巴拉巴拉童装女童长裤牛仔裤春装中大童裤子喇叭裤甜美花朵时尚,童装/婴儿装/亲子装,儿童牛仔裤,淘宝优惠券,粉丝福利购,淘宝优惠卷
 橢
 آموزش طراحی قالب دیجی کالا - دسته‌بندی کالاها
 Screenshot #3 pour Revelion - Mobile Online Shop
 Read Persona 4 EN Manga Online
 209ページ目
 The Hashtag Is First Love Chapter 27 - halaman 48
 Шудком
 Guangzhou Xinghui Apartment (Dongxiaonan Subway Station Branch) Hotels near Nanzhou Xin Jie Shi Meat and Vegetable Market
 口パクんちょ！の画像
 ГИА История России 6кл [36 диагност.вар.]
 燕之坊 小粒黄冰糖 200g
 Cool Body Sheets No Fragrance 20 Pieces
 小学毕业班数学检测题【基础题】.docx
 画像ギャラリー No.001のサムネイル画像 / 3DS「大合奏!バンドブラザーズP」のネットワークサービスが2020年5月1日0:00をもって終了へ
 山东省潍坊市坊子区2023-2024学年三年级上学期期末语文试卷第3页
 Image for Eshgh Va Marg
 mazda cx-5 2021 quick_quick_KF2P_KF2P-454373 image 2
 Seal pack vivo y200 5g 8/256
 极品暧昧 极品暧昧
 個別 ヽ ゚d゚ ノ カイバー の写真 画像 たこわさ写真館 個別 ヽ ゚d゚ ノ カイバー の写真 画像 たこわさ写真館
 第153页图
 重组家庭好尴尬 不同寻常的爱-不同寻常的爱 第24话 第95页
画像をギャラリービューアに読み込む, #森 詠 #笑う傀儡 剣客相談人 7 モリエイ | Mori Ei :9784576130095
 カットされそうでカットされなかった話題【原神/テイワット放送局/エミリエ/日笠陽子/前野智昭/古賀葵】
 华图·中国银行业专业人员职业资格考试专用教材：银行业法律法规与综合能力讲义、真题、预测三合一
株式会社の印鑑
──────────
__What is expected__
Every line that contains the string "Online" should be copied from the entries.

__Reply to the task__
 Screenshot #3 pour Revelion - Mobile Online Shop
 Read Persona 4 EN Manga Online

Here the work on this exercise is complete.